It is, she says, an odd, prestige project. “One feels it ought to have been a movie before. But it’s a subplot really. History has always been keener to report the scandal of Edward and Mrs Simpson. The Prince of Wales, whatever his shortcomings, had been really popular when the film is taking place. It was extremely doubtful that George, or Bertie as he was called, would be accepted by the British people.”
For this reason she’s far less inclined toward the traditional fluffy view of her character’s historical correlatives. “There is a huge amount of sentimentality about the Queen Mother. “And there’s a huge amount of respect for her. She did a lot for that family, particularly during the Blitz and other crises. She was quite indomitable and good for PR. She had to be pretty steely in order to survive quite so long.”
At 44, Bonham Carter wears her exotic French-Spanish-Jewish heritage well, but is far more likely to put her mug to work as nasty old Enid Blyton than as a fragrant romantic heroine. It hardly matters: she can’t bear to watch herself on screen anyway.

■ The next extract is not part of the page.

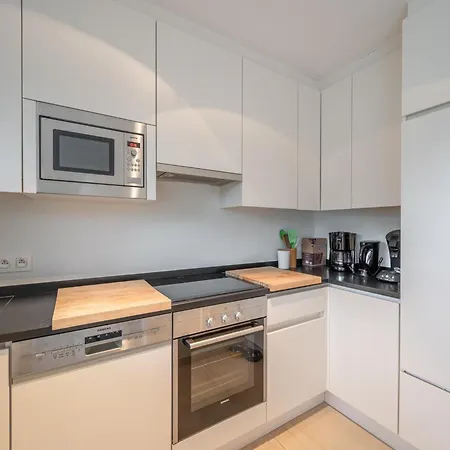 3 Bedroom In Heist 公寓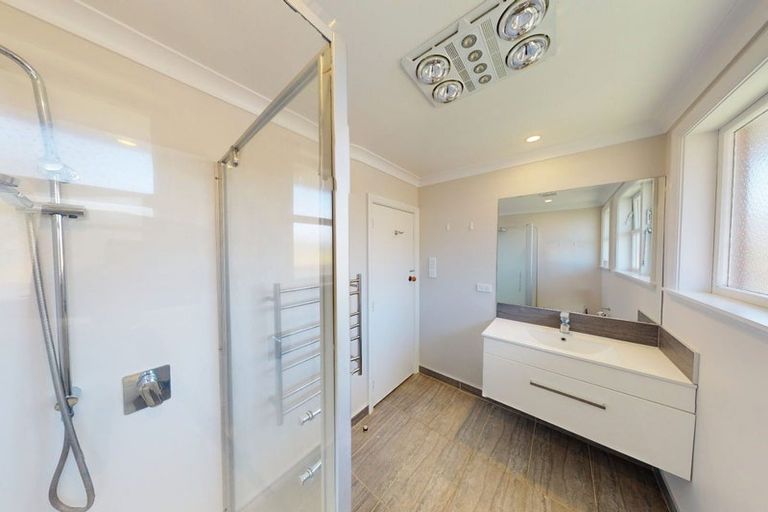 Photo of property in 41 Ellesmere Crescent, Highbury, Palmerston North, 4412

“No, no, no,” she insists. “I don’t like watching myself at all. Mind you, I saw some of A Room with a View recently, when I had to dust it off for some friends. I didn’t mind that so much. I don’t think I was much of an actor back then, but I think I’ve changed so much from my younger self. It was like looking at a person from a bygone era.” She laughs. “A person from a bygone era of corsets.”